La fondation soutient qu’aucun de ses employés n’est affecté à la gestion de ce bien immobilier. Cet élément n’est toutefois pas pertinent, dès lors qu’il apparaît qu’elle en a confié la gestion à une régie immobilière. De même, l’absence de promotion de l’identité du centre par la fondation ressortit à un choix de gestion et de marketing de cette dernière qui ne permet pas de considérer que l’intéressée n’exerce pas une activité de centre commercial. En effet, elle exploite, par la perception de loyers, ce bâtiment, lequel est conçu pour attirer des chalands désirant acquérir des biens ou des services.

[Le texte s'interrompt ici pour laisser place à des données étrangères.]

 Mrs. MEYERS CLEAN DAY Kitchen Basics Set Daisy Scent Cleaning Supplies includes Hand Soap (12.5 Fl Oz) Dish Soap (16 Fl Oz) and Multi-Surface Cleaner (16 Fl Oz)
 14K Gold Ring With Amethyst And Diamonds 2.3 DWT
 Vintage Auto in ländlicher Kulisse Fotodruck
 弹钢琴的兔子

Au vu de ces éléments, c’est à juste titre que l’autorité intimée a retenu que la fondation, propriétaire d’un centre commercial qu’elle met en location, exerce une activité soumise à la perception de la taxe.

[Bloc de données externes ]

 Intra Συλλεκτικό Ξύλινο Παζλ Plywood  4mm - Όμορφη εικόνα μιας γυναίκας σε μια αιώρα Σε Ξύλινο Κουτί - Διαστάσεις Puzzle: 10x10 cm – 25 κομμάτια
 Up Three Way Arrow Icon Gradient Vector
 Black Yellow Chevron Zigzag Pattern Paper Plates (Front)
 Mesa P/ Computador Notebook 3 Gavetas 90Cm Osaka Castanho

4) Au vu de ce qui précède, le recours sera rejeté et tant les quatre bordereaux de taxes de promotion du tourisme que les quatre décisions rejetant les oppositions de la fondation seront confirmés.

En conséquence, un émolument de CHF 1'500.- sera mis à la charge de la recourante (art. 87 al. 1 LPA). Il ne sera pas alloué d’indemnité de procédure
(art. 87 al. 2 LPA).

* * * * *

PAR CES MOTIFS
LA CHAMBRE ADMINISTRATIVE

à la forme :

déclare recevable les recours interjetés le 16 mars 2017 par A______ contre les décisions sur opposition de l’administration fiscale cantonale des 16 février 2017 et 2 mars 2017 ;

au fond :

les rejette ;

met à la charge de A______ un émolument de CHF 1'500.- ;

dit qu’il n’est pas alloué d’indemnité de procédure ;

dit que, conformément aux art. 82 ss de la loi fédérale sur le Tribunal fédéral du 17 juin 2005 (LTF - RS 173.110), le présent arrêt peut être porté dans les trente jours qui suivent sa notification par-devant le Tribunal fédéral, par la voie du recours en matière de droit public ; le mémoire de recours doit indiquer les conclusions, motifs et moyens de preuve et porter la signature du recourant ou de son mandataire ; il doit être adressé au Tribunal fédéral, 1000 Lausanne 14, par voie postale ou par voie électronique aux conditions de l’art. 42 LTF. Le présent arrêt et les pièces en possession du recourant, invoquées comme moyens de preuve, doivent être joints à l’envoi

communique le présent arrêt à Me Pascal Pétroz, avocat de la recourante ainsi qu’à l’administration fiscale cantonale.

Siégeants : Mme Junod, présidente, MM. Thélin, Dumartheray, Verniory et Pagan, juges.

Au nom de la chambre administrative :

le greffier-juriste :

 

 

F. Scheffre

 

 

la présidente siégeant :

 

 

Ch. Junod

 

 

Copie conforme de cet arrêt a été communiquée aux parties.